37 VCAT cases from 2009-2017 involving 27 quarries were reviewed; with VCAT granting or varying planning permits in 17 cases and refusing to grant a planning permit in 5 cases and statutorily endorsing a work plan in 2 cases.

Type of Conditions

The typical conditions for a planning permit prior to use and develop land for the extractive industry or landfill include: endorsed work plans, non-alteration of site layout unless the responsible authority has consented, hours of operation, noise and dust management plans, landscaping and rehabilitation plans, removal of native vegetation, car parking and road works, compliance with SEPPS and expiry provisions.

Where appropriate and relevant to the specific circumstances ofthe subject land, VCAT has also included conditions in respect to: drainage and storm water management, groundwater, environmental management plans, native vegetation offsets, traffic management plans, road maintenance financial contributions and aboriginal heritage.

Alarmingly, new categories of conditions would appear to include:  production limits, restrictions on truck movements, prohibition of retail sales, lighting and security restrictions, restrictions on traffic routes, complaints management and undertaking risk modelling.

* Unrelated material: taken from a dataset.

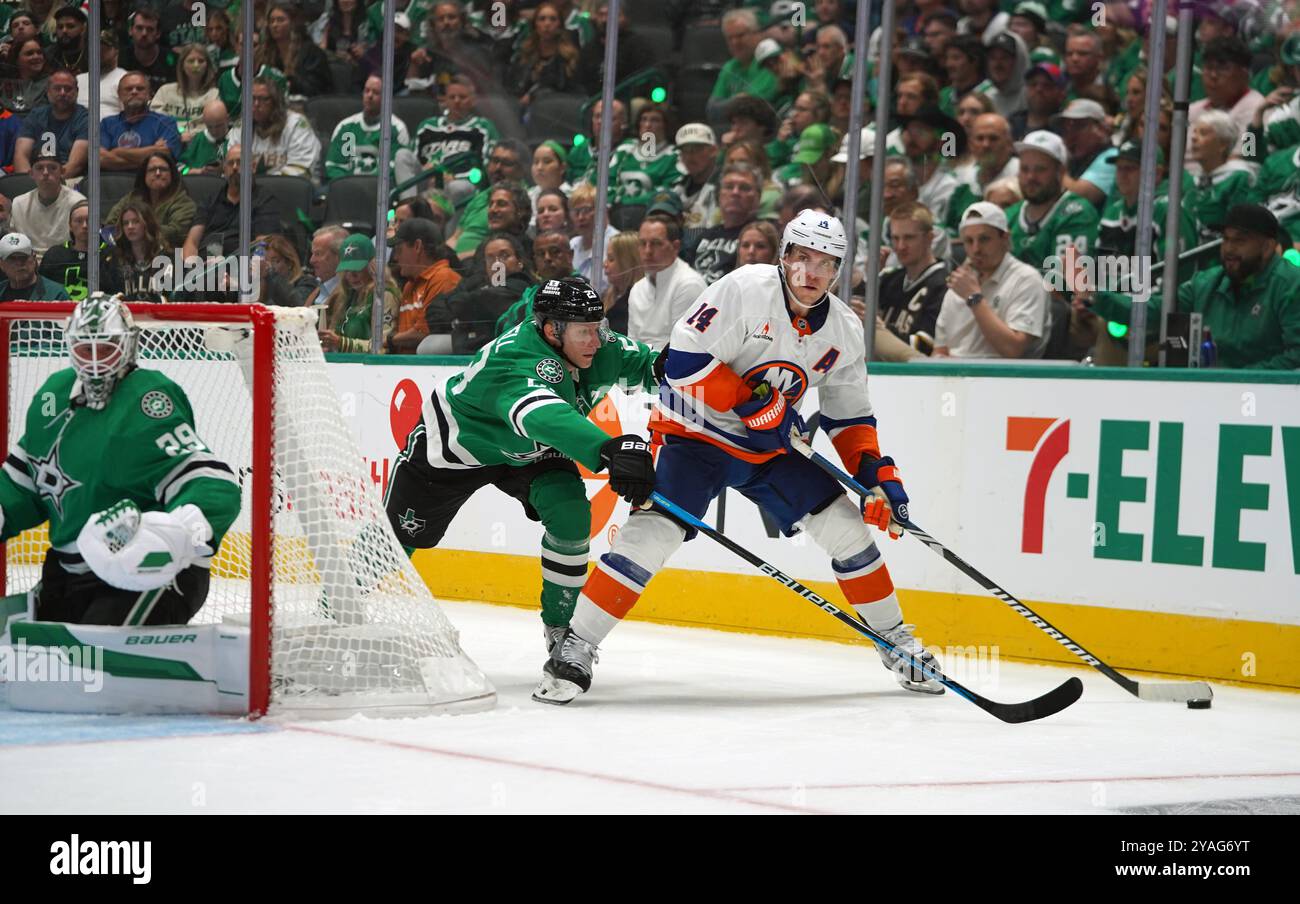 Dallas, États-Unis. 12 octobre 2024. Bo Horvat #14 des Islanders de New York patine avec la rondelle tout en essayant d'échapper au gardien de but derrière le but lors du match de la LNH entre les Stars de Dallas et les Islanders de New York au American Airlines Center. Dallas Stars bat Minnesota Wild 3-0. Le 12 octobre 2024 à Dallas, Texas, États-Unis. (Photo de Javier Vicencio/Eyepix Group) crédit : Eyepix Group/Alamy Live News Banque D'Images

Have conditions become more onerous?

In terms of new conditions, four quarries now have prescribed production limits and a further two quarries now have prescribed maximum daily truck movements. A further three quarries are prohibited from undertaking retail sales. Four quarries have lighting restrictions and one quarry is required to keep a complaint register.

Since 2014, several approvals have required acoustic reports and ongoing noise monitoring in addition to compliance with the standard EPA noise requirements. In some cases, air quality reports and air emission management plans have been required as well as air and ground vibration testing to measure compliance with blasting regulations.

Notwithstanding this, some of these conditions such as keeping a complaint register have become standard conditions in work authorities.

The review has found earlier VCAT Orders were more likely to provide general obligations in respect to a specific condition, whereas lately, the obligations have become far more prescriptive and are already covered in the work plan and repeated in the work authority.

In addition, the review has also found councils apply the same type of condition in an inconsistent manner despite the fact that the ERR already have standard conditions for a work authority. This is particularly evident with the landscape condition.

The landscaping condition now requires detailed landscaping plans prepared by landscape architects, prescribed lists of native species, height and diameter requirements, and in some cases,
security deposits/bonds and audits. Some VCAT orders have even required the number and type of trees, shrubs and ground covers by botanical and common names, the number of pots, size at maturity and planting densities.

Other notable inconsistencies include conditions relating to environmental management plans, blasting, traffic management reports and road maintenance contributions.

The review has also found significant duplication of the work plan in the VCAT planning permit conditions. This creates two regulators for the extractive industry; the responsible authority that administers and enforces the planning permit and the ERR who administers and enforces the work plan and work authority. The ERR should be the only regulator of the extractive industry. It has the legislative power to suspend or close a quarry if persistent non-compliance of the planning permit conditions/work authority is not rectified. Instead, VCAT should only decide whether the proposal is consistent with the requirements of the Victorian Planning Provisions (VPP) and not duplicate the matters set out in the work plan. However, it should be able to prescribe conditions directly relevant to the responsible authority such as road works and traffic management. Other than that, ERR should set out the conditions in the work authority.